• **THE DATA**:
____________

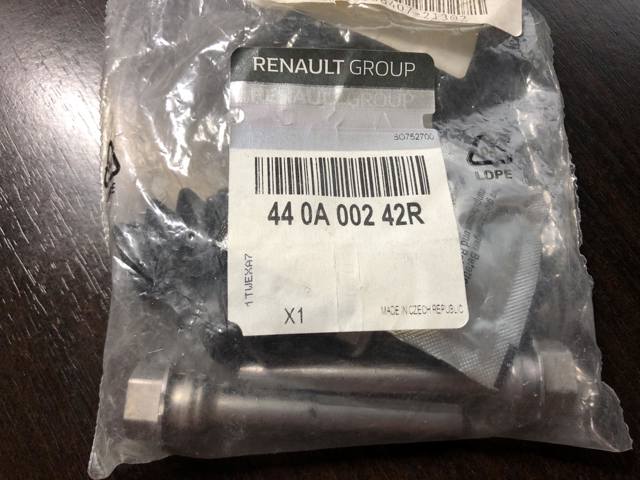 Ремкомплект заднього гальмівного супорта 440A00242R RENAULT
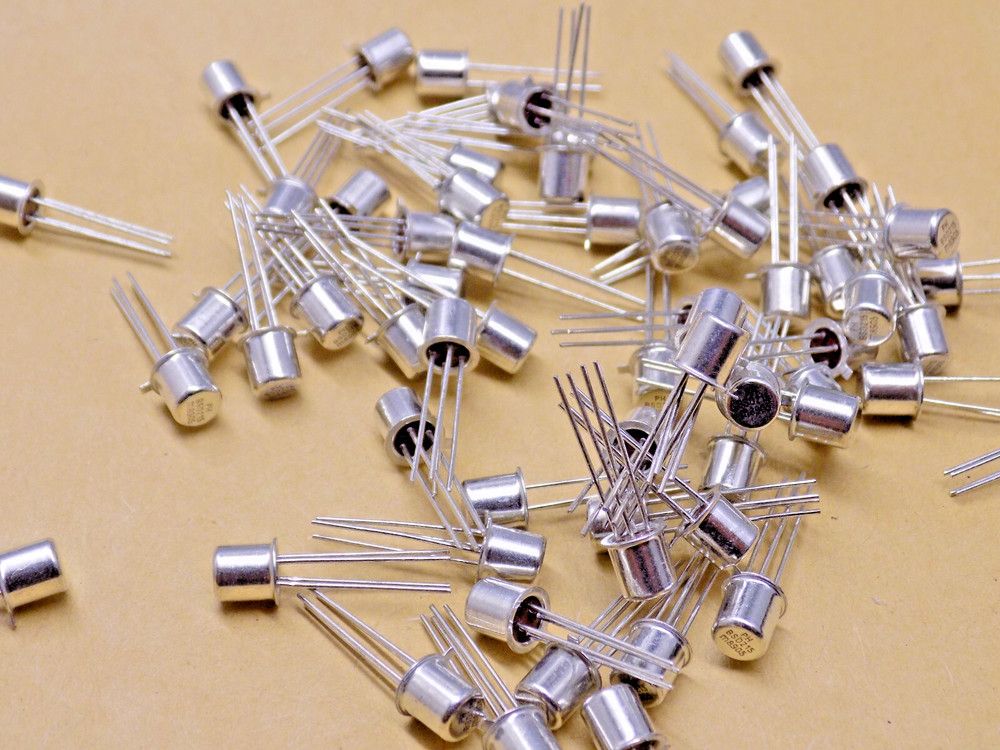 10x BSD215 PHILIPS N-CHANNEL TRANSISTOR NOS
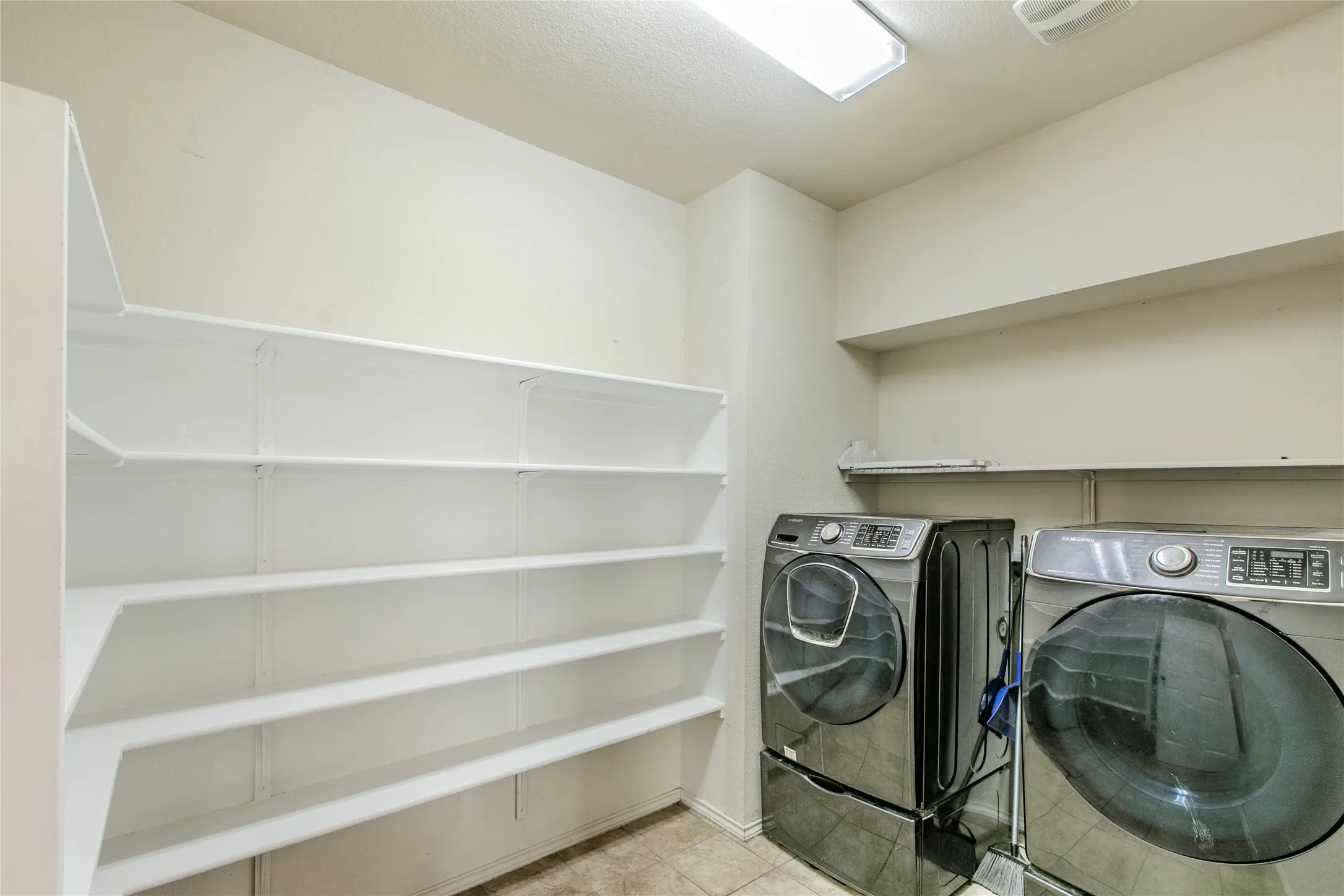 Single Family Residence For Sale in Mc Lennan County , 5412 TAMA Drive, Waco, Texas 76708, 4 Bedrooms, 3 Bathrooms, 2 Garage spaces, 1,922 Sqft, built in 2016, Price $287,900, mls#21273259, Real Estate Agent in Waco, Homes For Sale in Mc Lennan county, Homes For Sale in Waco, Realtor in Waco Texas, Real Estate Brokerage Independent Realty Texas, Luminita Cordes Realtor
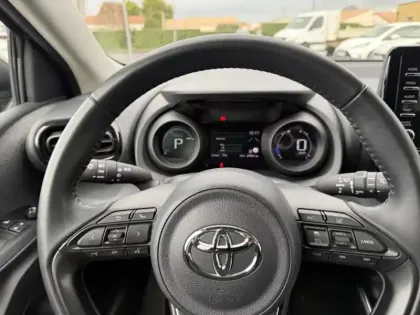 Photo 16 Toyota Yaris Hybride 116h Design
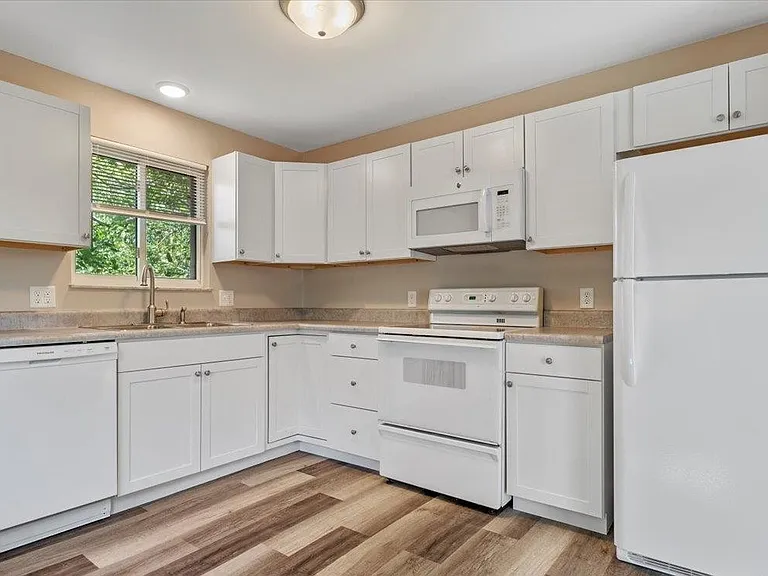 32 Sundowner Ln — Photo 12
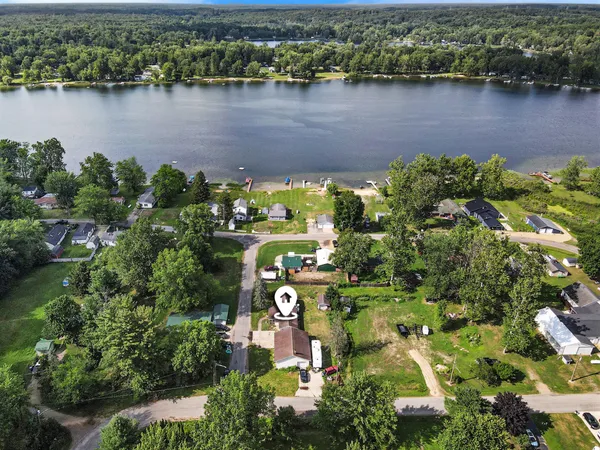 $174,000 | 46778 Sycamore Drive, Bangor, MI 49013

____________

• **WHAT TO WORK ON**: Excluding all pictures, output exactly the lines from the line containing "10x BSD215 PHILIPS N-CHANNEL TRANSISTOR NOS" through the last line of the entries above.

• **SOLUTION TO THE PROBLEM**:
 10x BSD215 PHILIPS N-CHANNEL TRANSISTOR NOS
 Single Family Residence For Sale in Mc Lennan County , 5412 TAMA Drive, Waco, Texas 76708, 4 Bedrooms, 3 Bathrooms, 2 Garage spaces, 1,922 Sqft, built in 2016, Price $287,900, mls#21273259, Real Estate Agent in Waco, Homes For Sale in Mc Lennan county, Homes For Sale in Waco, Realtor in Waco Texas, Real Estate Brokerage Independent Realty Texas, Luminita Cordes Realtor
 Photo 16 Toyota Yaris Hybride 116h Design
 32 Sundowner Ln — Photo 12
 $174,000 | 46778 Sycamore Drive, Bangor, MI 49013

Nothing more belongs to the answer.